Alors j'ai rongé mes ongles et j'ai attendu que tu en finisses, photographiant mentalement l'image de ton pénis que je ne reverrais jamais ou , en tous cas, pas dans ces circonstances-là. Peut-être déboulant les escaliers, vide de toi mais pas de moi, en tous cas, peut-être, je sais pas, je sais plus grand chose,moi.

dimanche 8 mars 2009

Si j'étais l'art (3)

La jeune fille juive.
Arff, je sais pas, je sais plus trop.
Mais ça donne ça.

« Quand ils entrent dans notre huis clos obligé, qu’ils tirent les cheveux et la vie de nos amis, quand ils forcent nos barricades aux quatre coins de notre intimité, quand même l’espoir se suicide, que nous reste-il ? Quand les mitraillettes dans les champs enterrent le dernier souffle de nos proches, à quoi se raccrocher ? Quand les cadavres des nôtres dansent au bout des cordes, quand ceux qui n’en peuvent plus en finissent avant la grande ligne de tire, quand les souvenirs ne suffisent plus, que nous reste-il ? Que nous reste-il pour vivre ? Que nos chansons, que nos voix à l’unisson. Que nos chansons que nous ne terminerons peut-être jamais, emportés par ces hommes qui ne nous briseront jamais assez, assez pour que l’on oublie le chant de nos disparus. »

Si j'étais l'art (2)

Tiens, le paragraphe du petit garçon.

C'est pas très beau ni très léché, mais ça sera ça.

'Me reste la jeune fille juive et le soldat avant de passer à un autre travail. On lâche pas!

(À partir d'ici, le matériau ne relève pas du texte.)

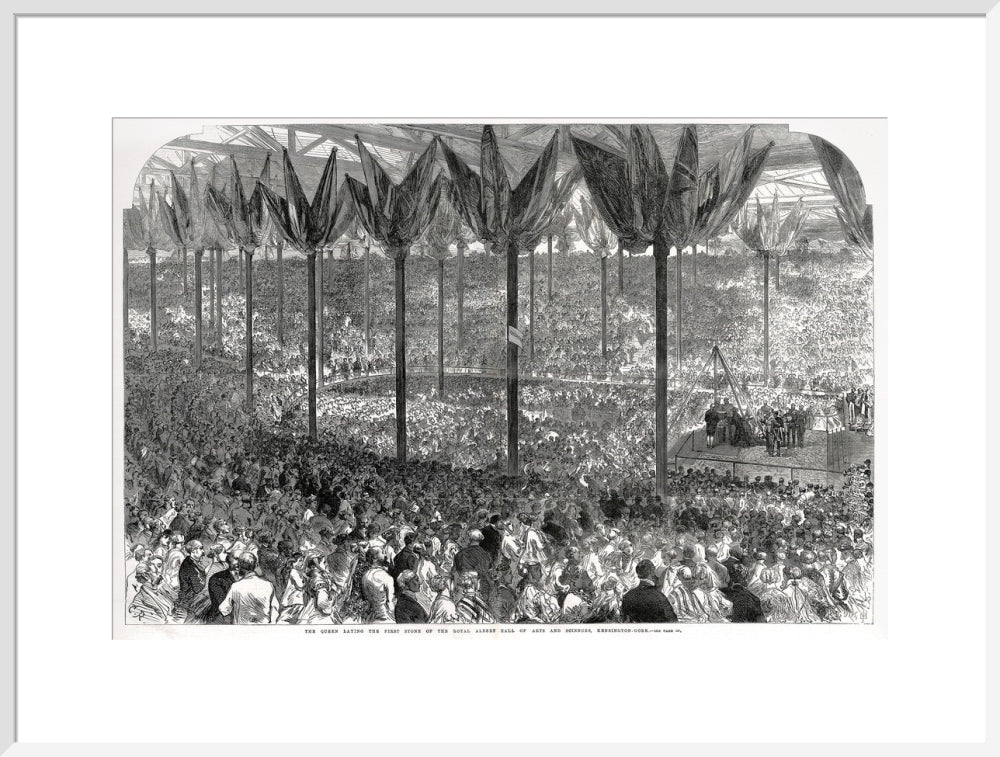 Queen Victoria laying the Hall's Foundation Stone Art Print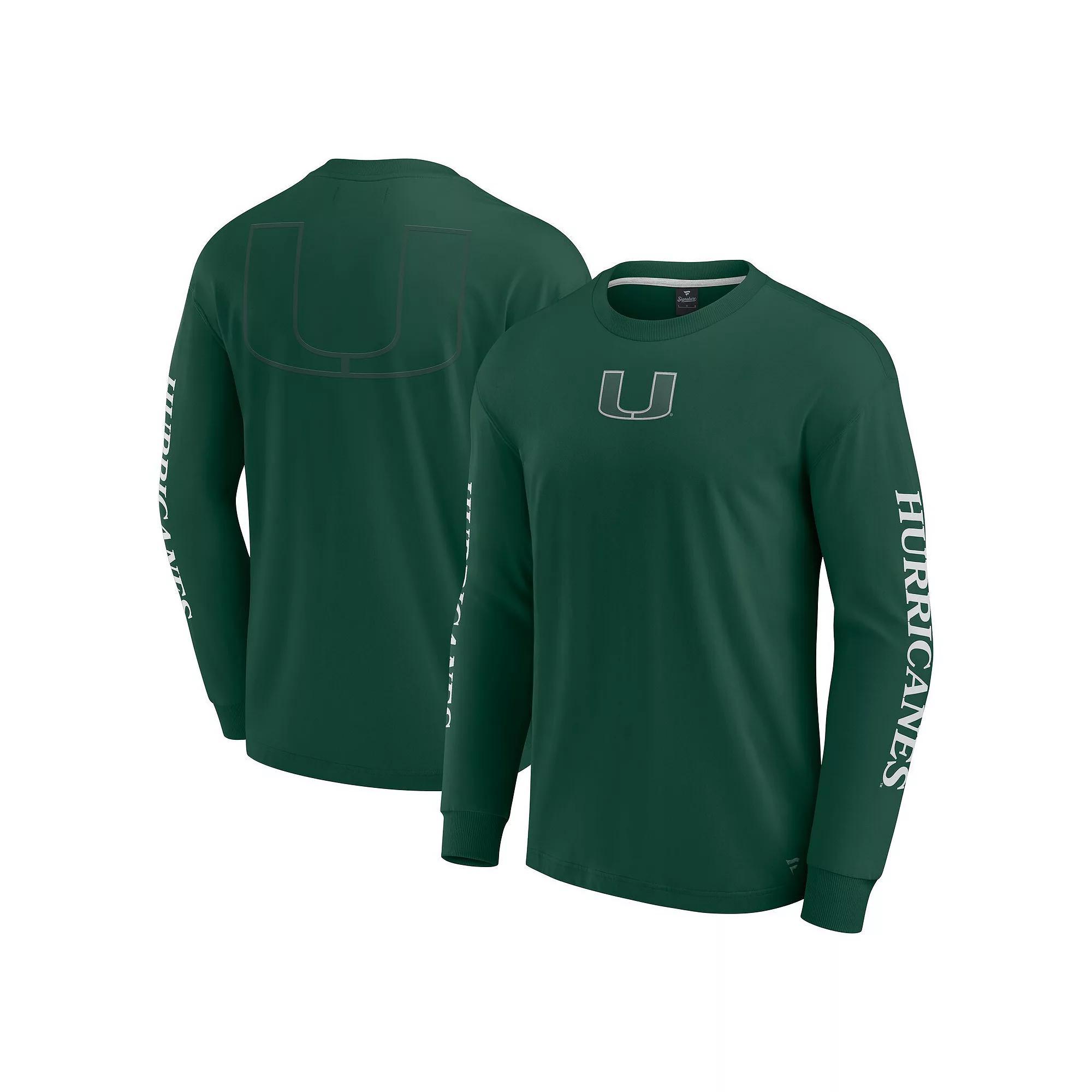 Men's Fanatics Green Miami Hurricanes Strive Long Sleeve T-Shirt, Size: 3XL Product Image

« Quand Papa et Maman sont partis, moi ils m’ont gardé, au début je savais pas pourquoi moi et pas eux, ça me faisait comme un trou dans le ventre, juste là. Le gros loup a pris mon vieux cahier et il l’a feuilleté et moi j’avais l’impression qu’il prenait son couteau et qu’il fouillait en moi, ça aurait fait moins mal je pense. Ils m’ont donné un autre crayon et ils ont ris, et ils ont pris ma main pour que je dessine encore, et encore. Quand je dessine, ils me font moins mal. Moi, je ne dessinerai plus jamais de maison rouge avec Maman et Papa qui me tiennent par la main. Moi, je dessine les croix rouges des gros méchants loups qui me chassent jusque dans mes rêves, qui n’existent plus. »

Si j'étais l'art (1)

Ehlala...
Gros travail scolaire ce soir, gros travail de création.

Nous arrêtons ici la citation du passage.